カワサキの当時の人たちも整備時にカバーを横に抜いて外れる様にと、車体のフレームパイプとアイドラー側の間隔や形状を車体とエンジンの設計者間でmm単位でせめぎ合いながら設計したとの逸話が残っている程です。
もちろんその恩恵で上下左右に動かしながら抜き取る事は出来るのですが、あともう僅か1mmでもトップアイドラーが低ければと、何百ではきかない回数ヘッドカバーを脱着した者としてはどうしてもその思いを実現したく思っていました。
そこでフレームの曲げには専用に製作した専用型と治具を使い、純正品よりも板金時の精度を上げる事を前提に寸法を決定しました。
この為、トップに開けられた穴にアイドラーの歯先端が完全に入っています。
センター前後でも、刃先がフレーム上部に接触せんばかりに近くなっているのがわかります。
ちなみに穴前後を丸くしてあるのは刃先の逃げのみでなく、振動によるクラック等を防止する為です。
結果としてHPトップアイドラーは、Z1系の純正との比較で全高は1.8~1.9mm低くなりました。
もちろん、アイドラーギアの軸位置は純正と同じです。
たった2mm弱ですが、これでどれだけ作業性が上がるか、経験者のユーザーにはお分かりいただけるかと思います。

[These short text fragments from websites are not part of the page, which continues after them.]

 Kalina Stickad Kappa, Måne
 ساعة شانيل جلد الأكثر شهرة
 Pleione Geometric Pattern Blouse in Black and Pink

参考迄に、Z1000A1以降のカワサキ純正アイドラーもトップに穴は開いていますが、実は結構余裕のあるクリアランスになっている事がわかります。
写真のものはギア歯先端からのクリアランスが2mm以上ありますので、穴が無くともフレームに接触はしません。
量産車の為に大量生産する場合のコストとフレーム個体差を考慮すれば、この位離さなければならなかったのかも知れません。